Ricordando il viaggio, Papa Francesco sottolinea che è stato “un grande piacere vedere come la Chiesa in Slovacchia vive la ricchezza e la diversità dei riti e delle tradizioni, come un ponte che unisce l’Occidente e l’Oriente cristiano”.
È il segno visibile di una “cultura dell’incontro” che “si costruisce nella ricerca dell’armonia tra le diversità, un’armonia che richiede accoglienza, apertura e creatività”, con alla radice di tutto “c’è il Vangelo, c’è lo Spirito Santo”.
Il Papa sottolinea che l’armonia è “a volte ferita dai nostri peccati e dai nostri limiti”, e per questo si è pregato durante la visita “anche per la guarigione delle ferite”. Papa Francesco non lo dice, ma, tra le ferite, c’era anche quella degli abusi: durante il viaggio il Papa ha incontrato alcune vittime, in gran segreto, e la storia è stata diffusa solo in questi giorni sui media slovacchi, a mesi dalla visita, perché c’era la volontà di non strumentalizzare la vicenda.

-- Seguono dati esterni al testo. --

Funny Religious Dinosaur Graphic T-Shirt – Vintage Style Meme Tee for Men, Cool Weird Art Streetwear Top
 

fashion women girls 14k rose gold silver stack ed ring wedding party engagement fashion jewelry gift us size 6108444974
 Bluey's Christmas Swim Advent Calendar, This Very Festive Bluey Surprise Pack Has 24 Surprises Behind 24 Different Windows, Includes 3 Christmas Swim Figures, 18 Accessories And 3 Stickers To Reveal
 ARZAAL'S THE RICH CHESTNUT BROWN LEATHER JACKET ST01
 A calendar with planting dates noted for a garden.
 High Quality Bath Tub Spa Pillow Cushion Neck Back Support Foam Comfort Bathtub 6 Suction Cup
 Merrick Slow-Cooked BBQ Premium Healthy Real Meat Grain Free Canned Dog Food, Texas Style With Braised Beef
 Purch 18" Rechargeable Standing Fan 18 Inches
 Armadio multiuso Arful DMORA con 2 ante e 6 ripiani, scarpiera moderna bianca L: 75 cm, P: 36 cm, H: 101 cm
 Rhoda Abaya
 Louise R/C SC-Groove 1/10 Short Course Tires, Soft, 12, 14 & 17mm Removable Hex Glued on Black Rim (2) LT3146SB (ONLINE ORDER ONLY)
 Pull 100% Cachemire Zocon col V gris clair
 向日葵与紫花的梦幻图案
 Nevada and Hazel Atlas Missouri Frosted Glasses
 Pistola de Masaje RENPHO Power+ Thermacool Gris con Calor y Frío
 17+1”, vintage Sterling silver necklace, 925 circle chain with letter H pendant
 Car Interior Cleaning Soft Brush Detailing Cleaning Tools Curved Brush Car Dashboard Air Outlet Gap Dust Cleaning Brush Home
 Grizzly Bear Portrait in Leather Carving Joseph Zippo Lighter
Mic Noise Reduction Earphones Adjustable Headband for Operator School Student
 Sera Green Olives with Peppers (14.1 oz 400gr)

Papa Francesco poi guarda ai gesti concreti. Sottolinea con piacere che “il grande tappeto usato per il palco durante l’incontro con la comunità Rom, a Košice (Coshitse), è stato tagliato e distribuito tra le famiglie del quartiere, e può servire per l’accoglienza alla porta di ogni casa”. Ricorda di essere stato ricevuto con “il pane e il sale”, e il sale dell’accoglienza “rimanda al sale del Vangelo”. E aggiunge che gli slovacchi hanno mostrato ancora accoglienza, “questa volta nel contesto tragico della guerra”.